AAAR 36th Annual Conference October 16 - October 20, 2017 Raleigh Convention Center Raleigh, North Carolina, USA
Abstract View
A Sensor Network for Multiple Hazards in Heavy-Vehicle Manufacturing
THOMAS PETERS, Sinan Sousan, Alyson Gray, Laura Hallett, Geb Thomas, Xiaoxing Liu, Christopher Zuidema, Kirsten Koehler, University of Iowa
Abstract Number: 580 Working Group: Aerosol Exposure
Abstract Personal exposure sampling is the primary means to ensure that gaseous and aerosol hazards in the workplace are maintained below occupational exposure limits, although few exposures are measured to represent a large working population due to costs and time constraints. A novel sensor network for chemical hazards (aerosols, oxidative gas, and CO) and a physical hazard (noise) was developed and deployed in a heavy-vehicle manufacturing facility over a one-year period. Focusing on aerosol sensing, this presentation reviews development of a wireless monitor that served as individual nodes of the network, laboratory testing of 50 monitors, field validation of monitor performance over time, and spatial and temporal observations from network data. Laboratory tests revealed the need to select aerosol sensors 50 units from 100 based on preliminary data that best matched each other to minimize uncertainties in measurement. Field tests showed that active aerosol sensors (Sharp DN) rapidly became dirty (days to weeks), which caused substantial drift in zero values. Passive samplers (Sharp GP) provided similar information as the active sensors with substantially less zero drift. Comparison of monitor data compared to that from a reference photometer and gravimetric samplers demonstrated the value in performing periodic field verification of sensor performance.
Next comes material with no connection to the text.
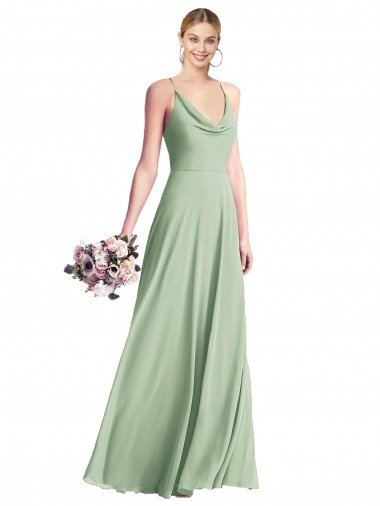 Cowl Neck Criss Cross Back Chiffon Evening Maxi Dress Canada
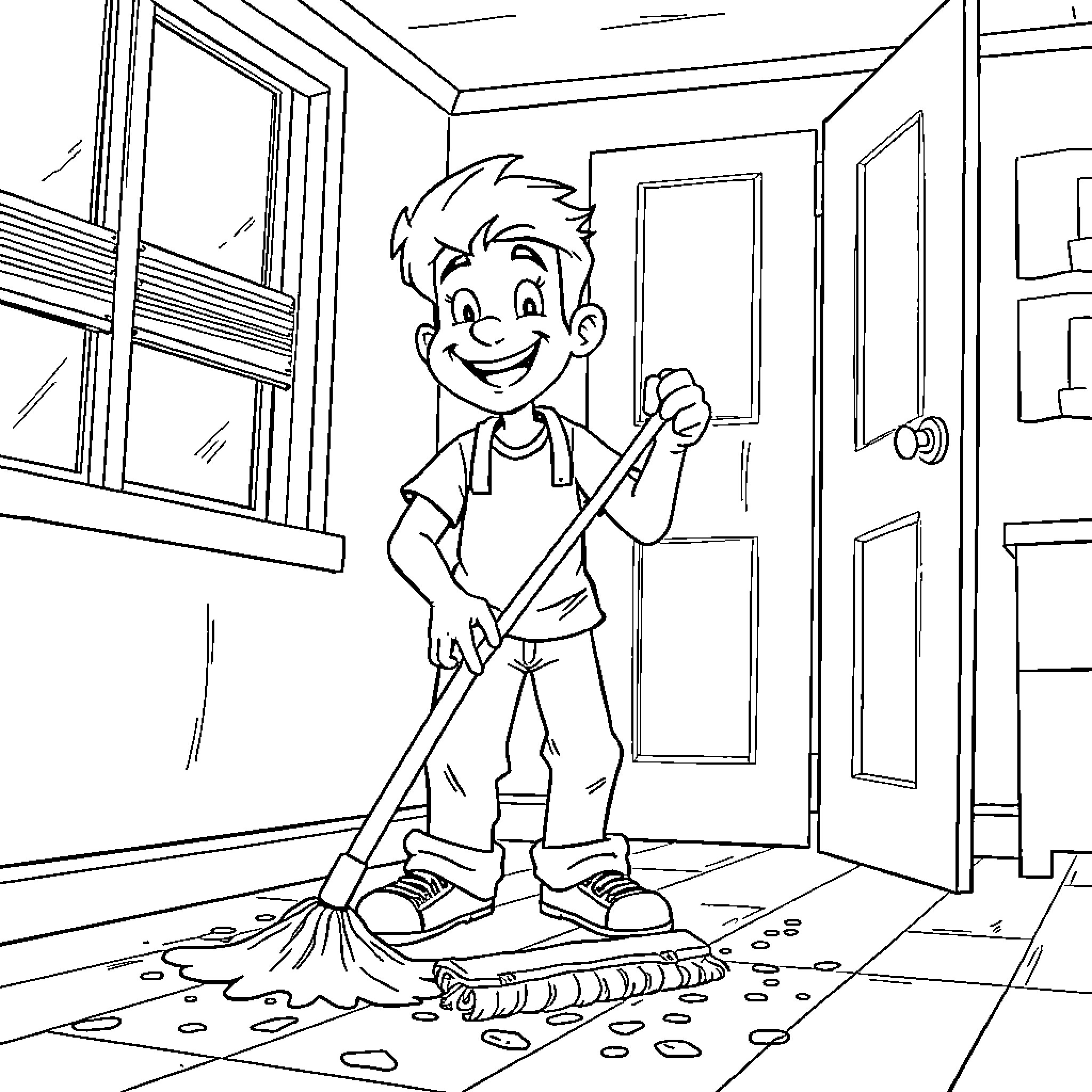 Rocky cleaning the room with a mop and a smile Coloring Page (free black-and-white line drawing printable PDF for all, from beginners to advanced learners, including children, teens, adults, and seniors)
Temporal-spatial analysis of network data showed how aerosols move through the facility, enabling identification of key sources and targets for upgrades in controls. This type of network monitoring has potential for dramatically increasing the sample size, even if somewhat less accurate and precise than conventional sampling, upon which important decisions in industrial hygiene practice are made. Such a network may also facilitate medical surveillance and epidemiological study.